╭──
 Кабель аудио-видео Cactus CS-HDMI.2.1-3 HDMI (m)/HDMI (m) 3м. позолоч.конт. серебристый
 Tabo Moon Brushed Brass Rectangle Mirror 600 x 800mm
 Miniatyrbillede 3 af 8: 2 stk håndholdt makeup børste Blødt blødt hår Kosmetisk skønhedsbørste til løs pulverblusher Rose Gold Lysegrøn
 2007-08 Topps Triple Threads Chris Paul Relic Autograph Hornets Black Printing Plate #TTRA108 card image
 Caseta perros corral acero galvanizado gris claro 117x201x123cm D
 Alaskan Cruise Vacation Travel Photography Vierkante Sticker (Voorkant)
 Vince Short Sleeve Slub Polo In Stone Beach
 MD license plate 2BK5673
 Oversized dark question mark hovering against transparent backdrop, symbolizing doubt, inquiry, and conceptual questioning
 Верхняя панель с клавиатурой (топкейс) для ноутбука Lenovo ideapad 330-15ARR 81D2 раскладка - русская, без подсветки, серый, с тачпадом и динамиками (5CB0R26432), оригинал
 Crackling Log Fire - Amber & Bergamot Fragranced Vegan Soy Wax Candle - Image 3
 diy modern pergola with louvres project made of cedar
╰──
* [EXERCISE]: Each record above is to be printed again exactly as written.

* [YOUR RESPONSE]:
 Кабель аудио-видео Cactus CS-HDMI.2.1-3 HDMI (m)/HDMI (m) 3м. позолоч.конт. серебристый
 Tabo Moon Brushed Brass Rectangle Mirror 600 x 800mm
 Miniatyrbillede 3 af 8: 2 stk håndholdt makeup børste Blødt blødt hår Kosmetisk skønhedsbørste til løs pulverblusher Rose Gold Lysegrøn
 2007-08 Topps Triple Threads Chris Paul Relic Autograph Hornets Black Printing Plate #TTRA108 card image
 Caseta perros corral acero galvanizado gris claro 117x201x123cm D
 Alaskan Cruise Vacation Travel Photography Vierkante Sticker (Voorkant)
 Vince Short Sleeve Slub Polo In Stone Beach
 MD license plate 2BK5673
 Oversized dark question mark hovering against transparent backdrop, symbolizing doubt, inquiry, and conceptual questioning
 Верхняя панель с клавиатурой (топкейс) для ноутбука Lenovo ideapad 330-15ARR 81D2 раскладка - русская, без подсветки, серый, с тачпадом и динамиками (5CB0R26432), оригинал
 Crackling Log Fire - Amber & Bergamot Fragranced Vegan Soy Wax Candle - Image 3
 diy modern pergola with louvres project made of cedar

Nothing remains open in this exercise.